When the Apple is Ripe it will Fall



“I met someone” she said in a voice that lacked the buzz of a new relationship.
“But?” I asked knowing that there had to be a “but”.
“He is eight years younger!”

I understand why a woman my age, or older, could be attracted to someone who is younger, or much younger; yet, I failed to grasp the logic – if such a word exists – behind young men who willingly consensually freely choose to dive into a relationship with someone who is ten years older than he is. By a relationship I do not mean an affair, I am referring to a full fledged relationship that incorporates all the rules of Victorian courtship – the wining and dining, the meet my friends and meet your friends, the call me and call you, and the love you and miss you routines.

Almost 33, I am secretly growing more insecure in the presence of younger girls, but obviously I have competitive advantages that I am not aware of. I am no exception to this new perplexing rule; A, N, M, and H are four of my friends whose ages range from 37 to 47, and they are attracting guys who are at best 8 years younger. My last four attempts at dating were with guys whose ages ranged from 23 to 28. My Facebook account is bombarded with friend requests from a breed that is a decade younger than I am. My blog is piling up comments from angry bloggers who recently developed facial hair. Something is wrong!! How do we, older women, attract them - younger guys?

I am bad at guessing!

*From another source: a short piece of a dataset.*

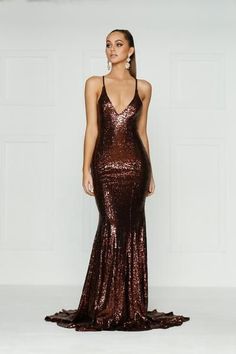 Kendall Formal Dress - Chocolate Brown Sequins V Neck Full Length Gown Brown Prom Dress, Harry Styles Suits, Brown Dresses Formal, Chocolate Brown Dress, Coral And Teal, Princess Fantasy, Sparkly Dresses, Brown Sequin Dresses, Fitted Gowns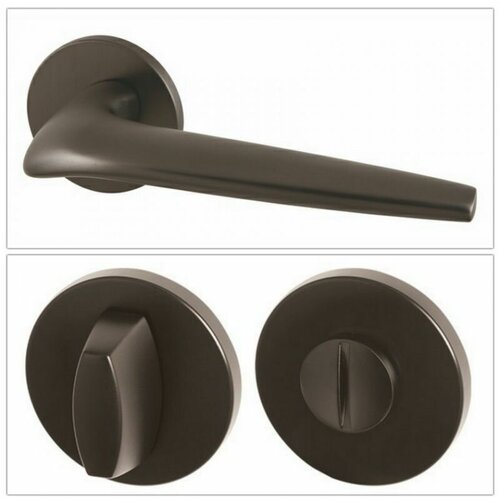 Комплект дверных ручек Armadillo TWIN_URS_BPVD-77_W, вороненый никель (ручка + завертка WC)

I had to ask them! I needed to hack their little green brains and find out the answer. My classroom – there is no better place to start. Instead of a pop quiz in marketing, I handed them a piece of paper with one question and I gave them an hour to give me the answer that has been confusing the heck out of me. The question was: If you had a choice, would you rather date someone your age or, would you date me, or someone else, knowing that there is more or less ten years of difference in age? Why yes? Why no? The look on their faces was priceless! The silence that filled the room was louder than anything they would have said. They were looking at me for clarification and I gave them none. I told them that the clock was ticking and that I was serious.

In an hour the answer sheets were on my desk and I impatiently began checking their responses. There were some flattering comments about my eyes and smile and there were some semi-insulting comments about my temper and insanity. As I went deeper into their explanation my eyes grew wider in shock as I found out the major points of differentiation that make those guys favor ripe apples – as one student put it down. A combined list would say that we are more mature, independent, experienced, understanding, and appreciative of the little things young girls take of granted. We have careers and are busy with important and meaningful stuff. We are good listeners and we give good advice. The list goes on to highlight our graces; secure, intellectual, connected, and confident.

One student said that we do not ask silly questions and we do not get upset over stupid things like “Do you love me? Do I look good? Why didn’t you call? Where were you? Who’s that girl? Or I have a curfew, I cannot be seen with you, and let’s cruise.” Some guys said that being with an older woman will make younger women interested; “if I were to date you, young girls will be jealous and they will want to know what is so special about me that would make an icon like you go out with me. – I must be really mature and experienced to satisfy you.” Another student was very honest when he said “you will pick up the check all the time; this is the price you will pay for going out with a hot dude like myself – I mean you know I am young and I cannot afford your outings.” Several opinions shed light on expectations; “girls my age want to get married – not to me in particular, they just want to get married. You will not rush me into meeting your family and will not bother me with questions about the future. Older women are down to earth and they just want to live the moment.”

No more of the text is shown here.